# RECORDS TO USE
[Start of Attachment]

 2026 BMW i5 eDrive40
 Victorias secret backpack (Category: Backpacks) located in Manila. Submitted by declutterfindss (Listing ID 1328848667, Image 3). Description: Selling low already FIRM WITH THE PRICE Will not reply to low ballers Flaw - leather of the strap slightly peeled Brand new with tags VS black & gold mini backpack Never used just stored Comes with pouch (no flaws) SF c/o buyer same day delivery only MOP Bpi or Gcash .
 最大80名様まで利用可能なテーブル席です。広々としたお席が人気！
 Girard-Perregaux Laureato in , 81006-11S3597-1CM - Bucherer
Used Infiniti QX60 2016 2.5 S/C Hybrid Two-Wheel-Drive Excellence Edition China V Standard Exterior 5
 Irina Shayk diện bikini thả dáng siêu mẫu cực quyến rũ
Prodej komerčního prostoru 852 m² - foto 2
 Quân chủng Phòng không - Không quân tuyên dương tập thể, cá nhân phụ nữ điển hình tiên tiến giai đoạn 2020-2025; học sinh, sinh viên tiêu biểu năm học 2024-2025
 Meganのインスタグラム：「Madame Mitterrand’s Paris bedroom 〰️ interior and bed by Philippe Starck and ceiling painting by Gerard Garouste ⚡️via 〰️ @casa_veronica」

[End of Attachment]
[Start of Attachment]

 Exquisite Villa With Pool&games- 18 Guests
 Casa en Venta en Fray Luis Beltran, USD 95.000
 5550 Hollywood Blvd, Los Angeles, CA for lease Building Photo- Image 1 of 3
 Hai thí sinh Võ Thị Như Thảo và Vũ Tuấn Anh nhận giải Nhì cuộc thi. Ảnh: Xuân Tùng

[End of Attachment]
[Start of Attachment]

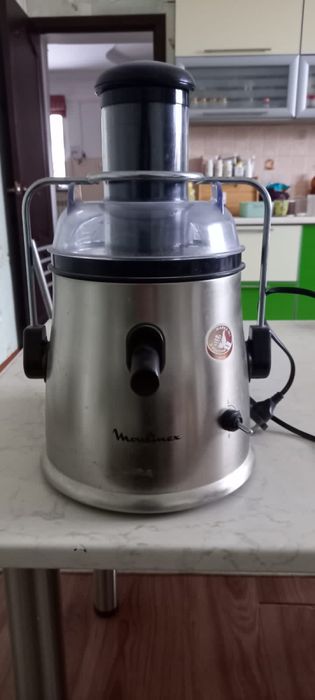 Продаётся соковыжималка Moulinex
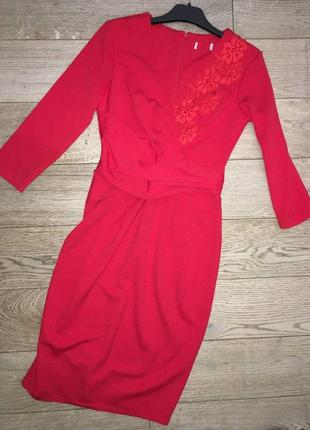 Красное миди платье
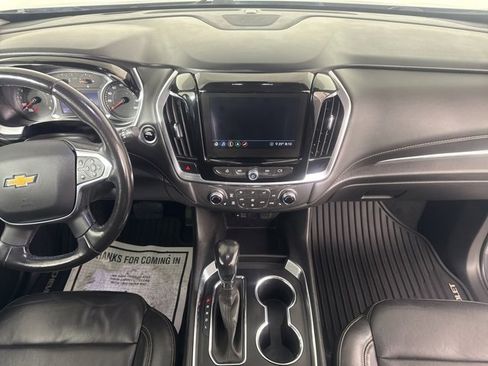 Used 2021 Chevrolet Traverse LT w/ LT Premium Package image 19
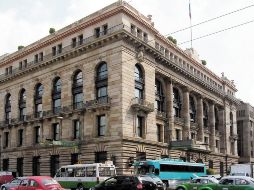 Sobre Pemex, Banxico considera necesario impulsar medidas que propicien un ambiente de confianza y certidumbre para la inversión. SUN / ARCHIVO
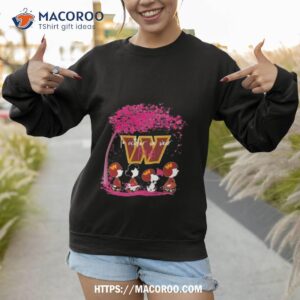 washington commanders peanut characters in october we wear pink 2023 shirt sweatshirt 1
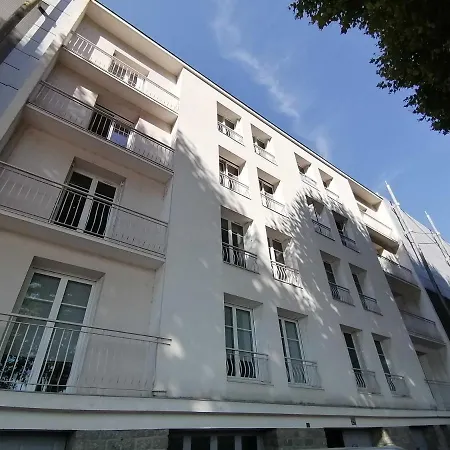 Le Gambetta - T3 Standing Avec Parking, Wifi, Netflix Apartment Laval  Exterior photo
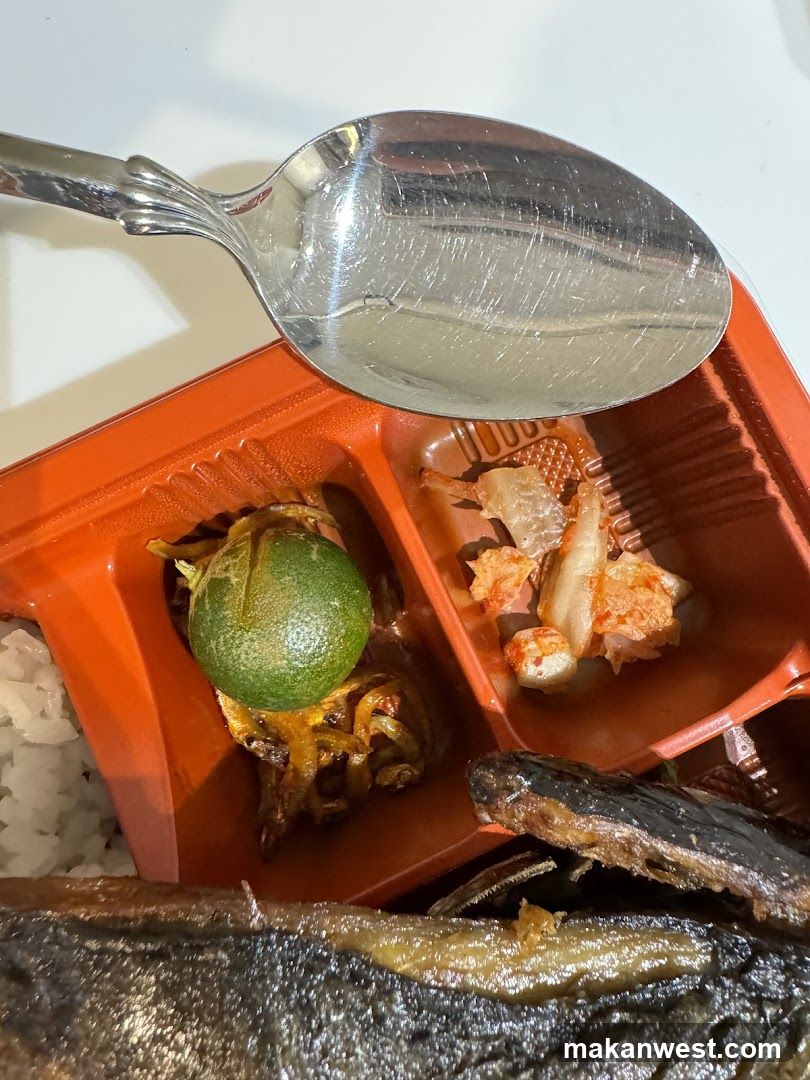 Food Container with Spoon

[End of Attachment]

# WHAT IS REQUIRED
Go through the material above and output exactly the lines from the one containing "2026 BMW i5 eDrive40" through the one containing "Meganのインスタグラム：「Madame Mitterrand’s Paris".

# ANSWER BOX
 2026 BMW i5 eDrive40
 Victorias secret backpack (Category: Backpacks) located in Manila. Submitted by declutterfindss (Listing ID 1328848667, Image 3). Description: Selling low already FIRM WITH THE PRICE Will not reply to low ballers Flaw - leather of the strap slightly peeled Brand new with tags VS black & gold mini backpack Never used just stored Comes with pouch (no flaws) SF c/o buyer same day delivery only MOP Bpi or Gcash .
 最大80名様まで利用可能なテーブル席です。広々としたお席が人気！
 Girard-Perregaux Laureato in , 81006-11S3597-1CM - Bucherer
Used Infiniti QX60 2016 2.5 S/C Hybrid Two-Wheel-Drive Excellence Edition China V Standard Exterior 5
 Irina Shayk diện bikini thả dáng siêu mẫu cực quyến rũ
Prodej komerčního prostoru 852 m² - foto 2
 Quân chủng Phòng không - Không quân tuyên dương tập thể, cá nhân phụ nữ điển hình tiên tiến giai đoạn 2020-2025; học sinh, sinh viên tiêu biểu năm học 2024-2025
 Meganのインスタグラム：「Madame Mitterrand’s Paris bedroom 〰️ interior and bed by Philippe Starck and ceiling painting by Gerard Garouste ⚡️via 〰️ @casa_veronica」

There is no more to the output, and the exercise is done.